I’ll try, though. I’m often told that Internet surfers would rather read a list of quick tips than extended articles. So, instead of diving deep, this round, I’ll list some of this summer’s insights, observations, and lessons learned.
- Backyard beekeeping is a booming fad. This means that traditional suppliers are more likely to be out of stock of things you desperately need, and also that you can get a lot of inappropriately expensive/highbrow gear from floofy catalogues where nobody on staff has any experience at all actually keeping bees. Despite its booming popularity, keeping bees remains a complex and potentially dangerous affair, even if you’ve been at it for a while.
I predict there will soon be a big increase of used beekeeping equipment on the market (which, arguably, nobody should buy), in two or three years, once the Martha Stewart set tires of it.

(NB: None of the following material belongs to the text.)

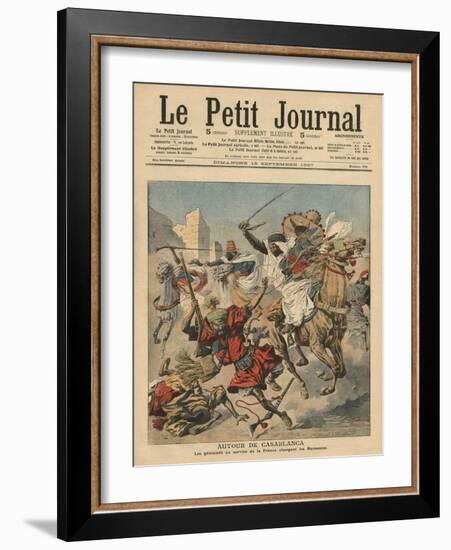 Near Casablanca, the Goumiers Charging at the Moroccans-French School-Framed Giclee Print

On the flip side, there is probably room in the market for products designed to truly disinfect used beekeeping equipment and make it less risky. So, invent that product, please. As usual, you are free to run with my entrepreneurial ideas and send me just 15% of your profits.
- Until I retire, I will never have a neat garden, and probably, not even then. I can no longer blame my newborn children, my town committments, or my job. The reason why my garden is always a wreck, year after year, is because I am an awful gardener. That said, I’m again pleased that tomatoes produced really well without any intervention at all. No weeding, no watering, no chemicals, no mulch, no products of any sort. They just do it.
- Alpacas can be shorn in mid summer. Some people don’t even sheer them at all. They are happier, shorn, but it’s not the end of the world if you don’t get it done at the “ideal” time, which is May (and when everyone else also wants a piece of your shearer).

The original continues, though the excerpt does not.